> Dataset records:
__________________________________________________
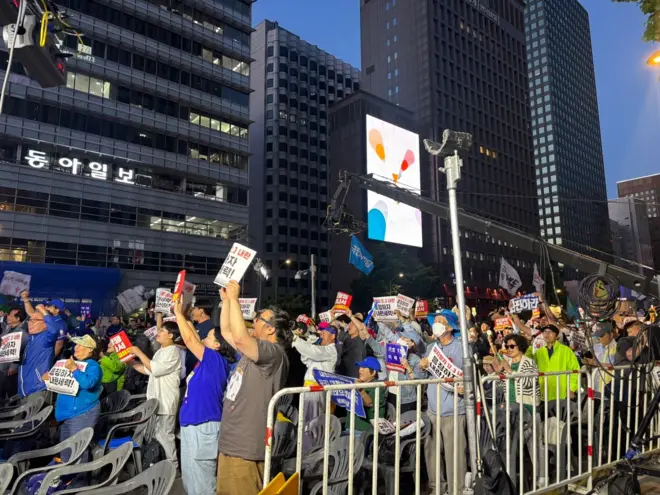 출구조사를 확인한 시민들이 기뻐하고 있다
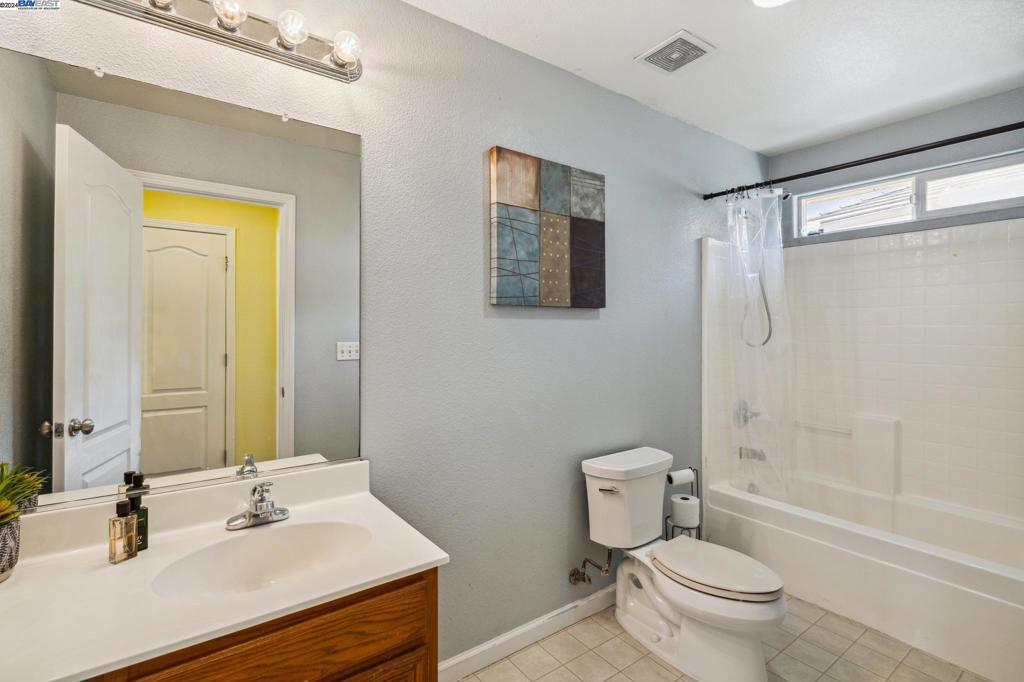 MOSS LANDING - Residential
__________________________________________________
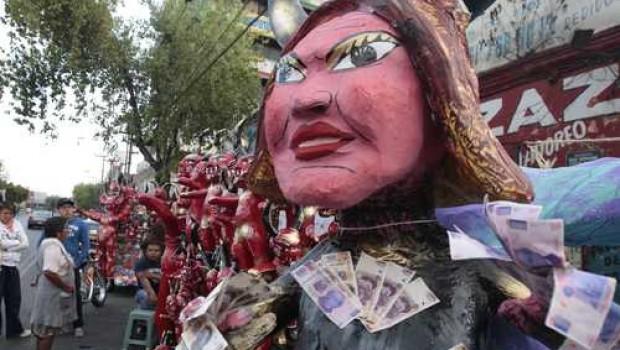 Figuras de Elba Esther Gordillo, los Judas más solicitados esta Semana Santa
__________________________________________________
> Task to complete: Within these entries, output exactly the lines starting at the one with "출구조사를 확인한 시민들이 기뻐하고 있다" and finishing at the one with "MOSS LANDING - Residential". Leave pictures out of the output.

> Task response:
 출구조사를 확인한 시민들이 기뻐하고 있다
 MOSS LANDING - Residential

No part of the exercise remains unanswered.